Work instruction:
Transcribe each entry below exactly. Pictures do not go in the copy.

──────── Extracted information

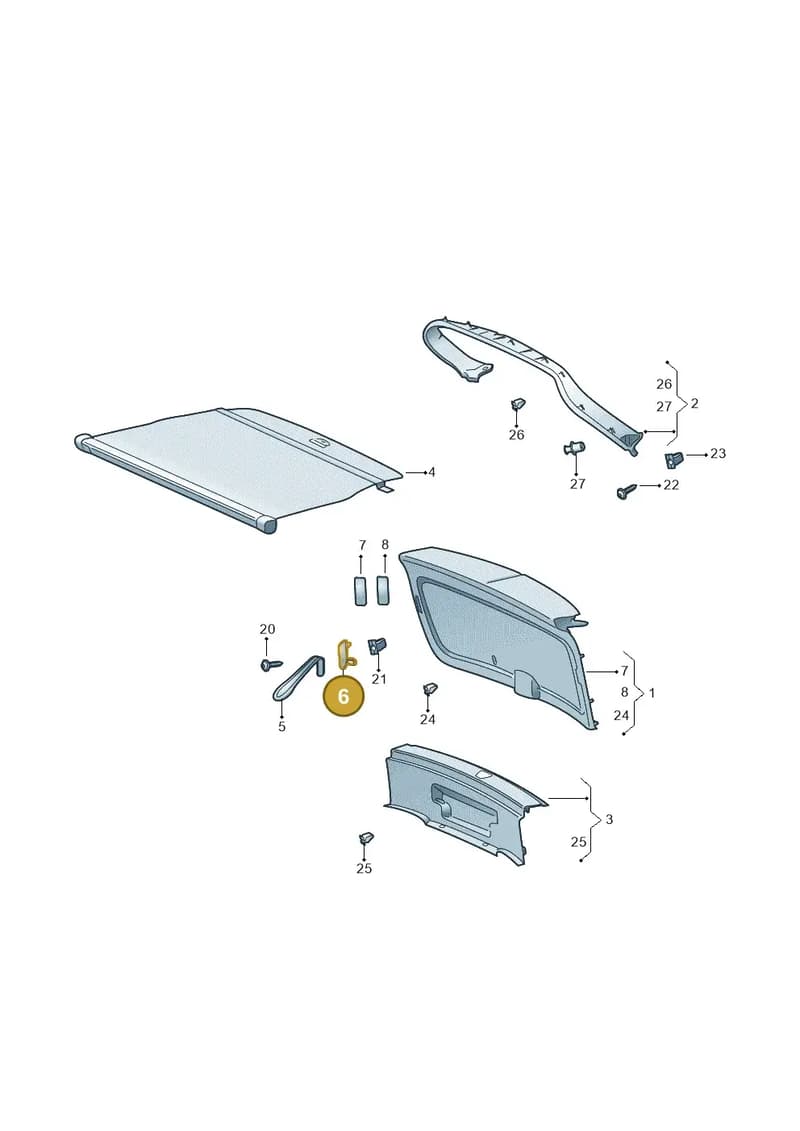 57A8641379B9 — Skoda Karoq (2017-2023) diagram 804867900, position 6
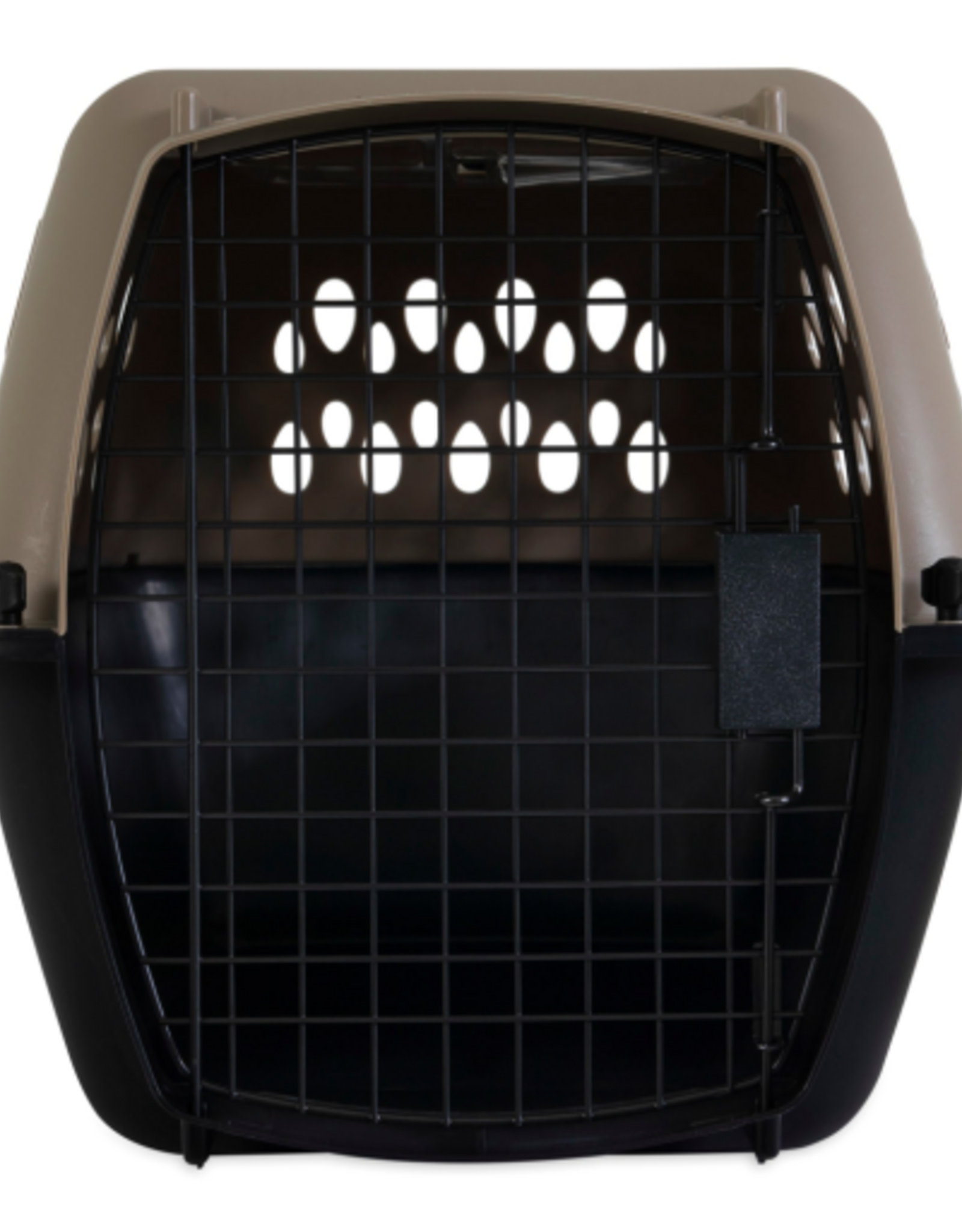 Petmate Petmate Vari Plastic Travel Dog Kennel 24 inch, Small Crate for Pets 10-20 lbs  Taupe/Black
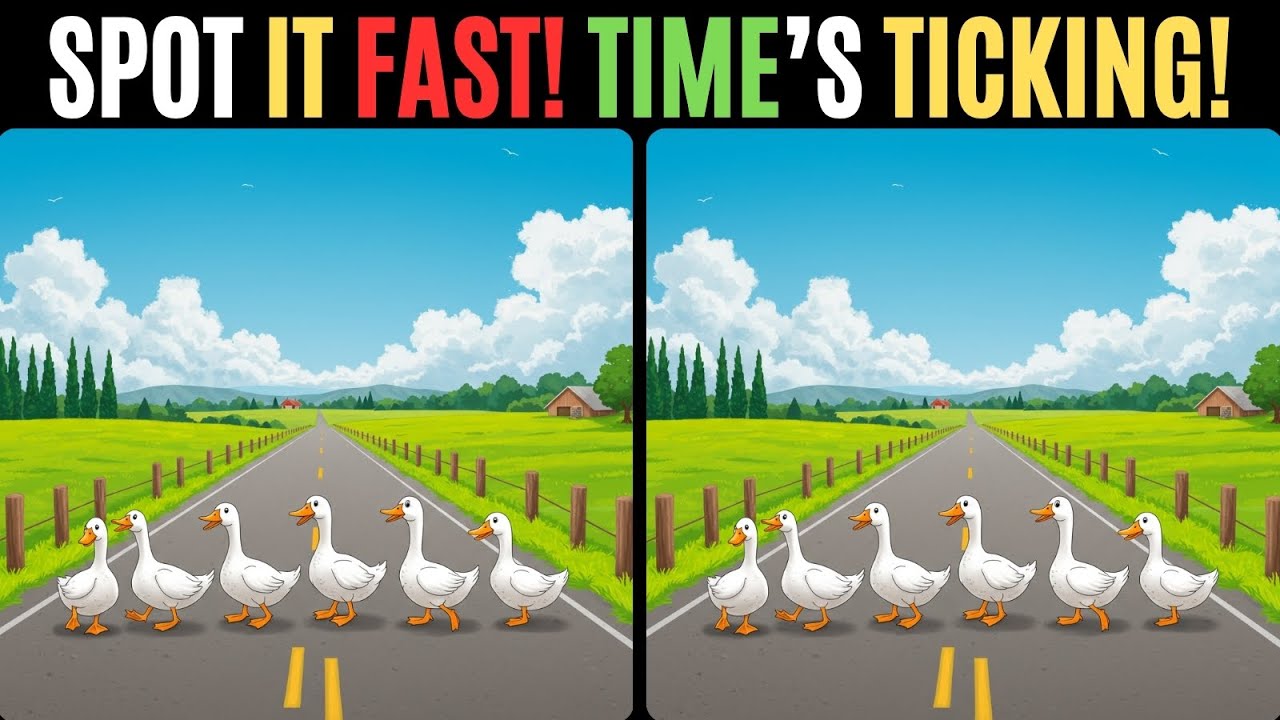 Найдите отличия 🧩 Эпический марафон головоломок! 🔍 Готовы к этому? 🧠🎯 #40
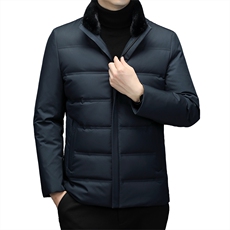 男装冬季御寒休闲上衣2023新款中年加厚保暖立领羽绒服男士外套，男装羽绒服，电商B212（原钱塘6029）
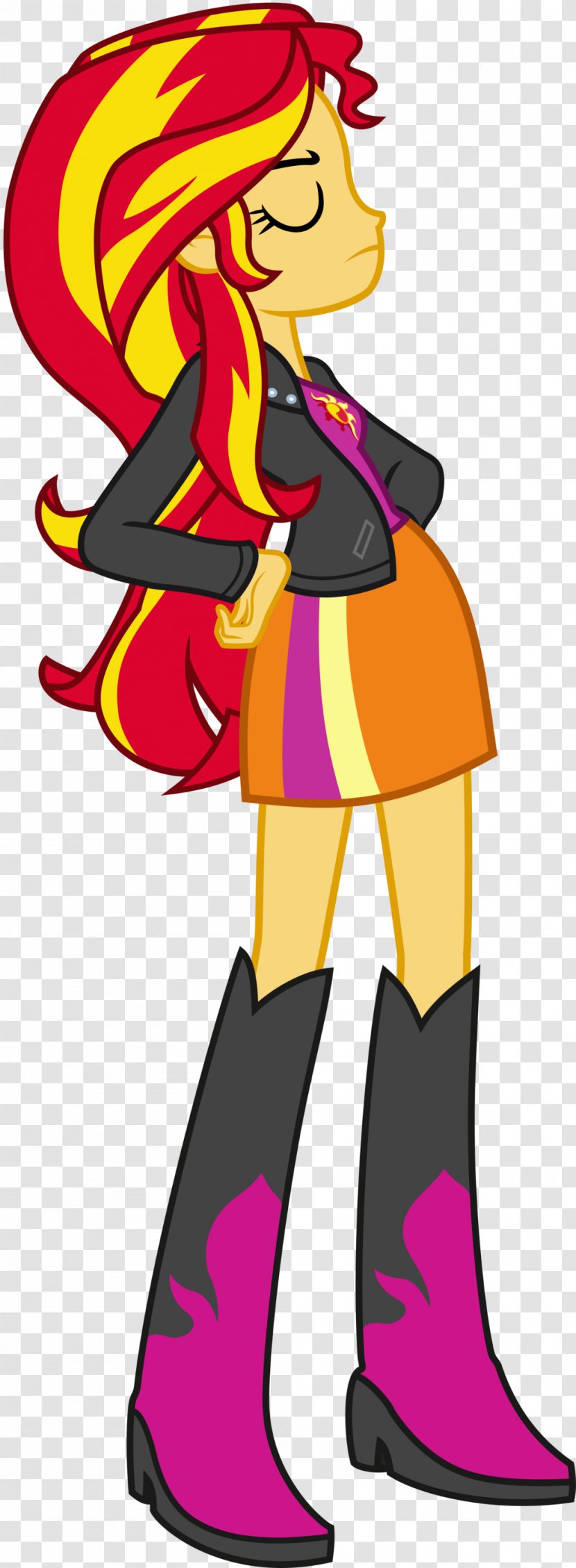 Sunset Shimmer Pony Rarity Twilight Sparkle Equestria - My Little Transparent PNG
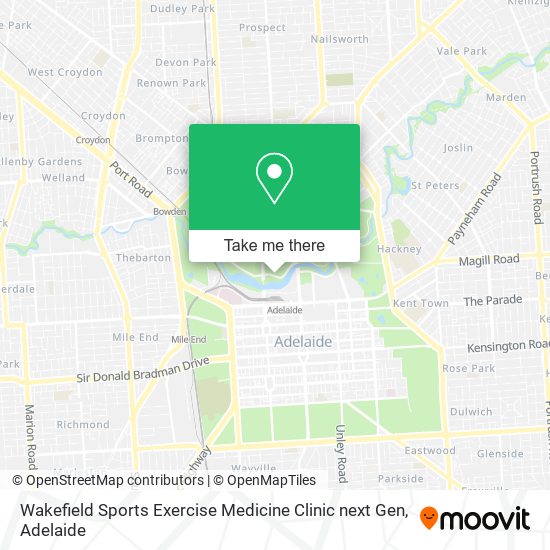 Wakefield Sports Exercise Medicine Clinic next Gen map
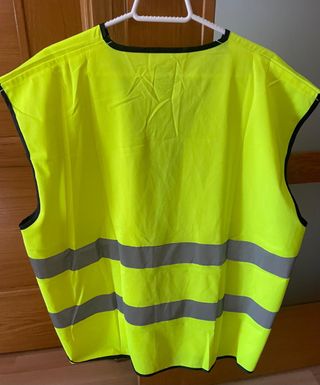 Chaleco de Seguridad Sacyr Amarillo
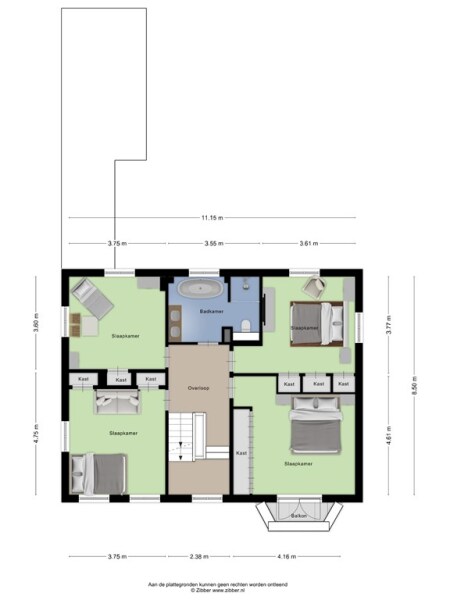 Floor Plan 2 - Grebbeweg 47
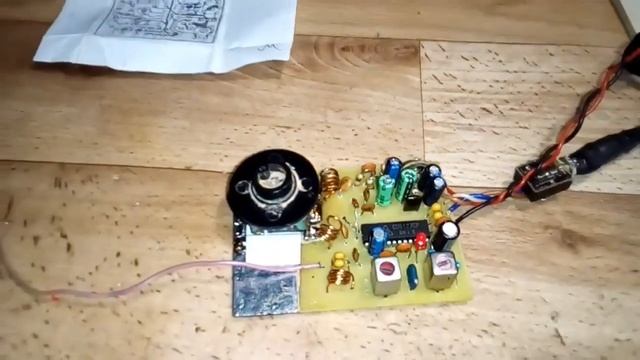FM приёмник на CD8127(TA8127)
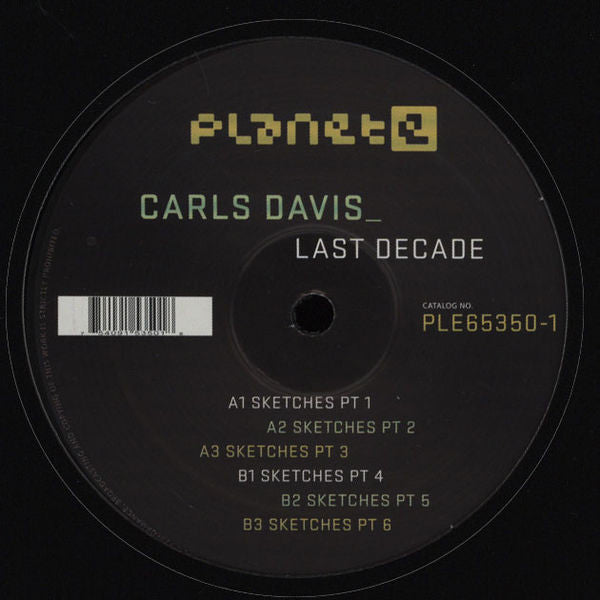 Carls Davis : Last Decade EP (12")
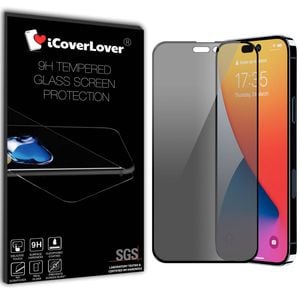 Icoverlover For Iphone 14 Pro Max Privacy Tempered Glass Screen Protector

────────────────

Task answer:
 57A8641379B9 — Skoda Karoq (2017-2023) diagram 804867900, position 6
 Petmate Petmate Vari Plastic Travel Dog Kennel 24 inch, Small Crate for Pets 10-20 lbs  Taupe/Black
 Найдите отличия 🧩 Эпический марафон головоломок! 🔍 Готовы к этому? 🧠🎯 #40
 男装冬季御寒休闲上衣2023新款中年加厚保暖立领羽绒服男士外套，男装羽绒服，电商B212（原钱塘6029）
 Sunset Shimmer Pony Rarity Twilight Sparkle Equestria - My Little Transparent PNG
 Wakefield Sports Exercise Medicine Clinic next Gen map
 Chaleco de Seguridad Sacyr Amarillo
 Floor Plan 2 - Grebbeweg 47
FM приёмник на CD8127(TA8127)
 Carls Davis : Last Decade EP (12")
 Icoverlover For Iphone 14 Pro Max Privacy Tempered Glass Screen Protector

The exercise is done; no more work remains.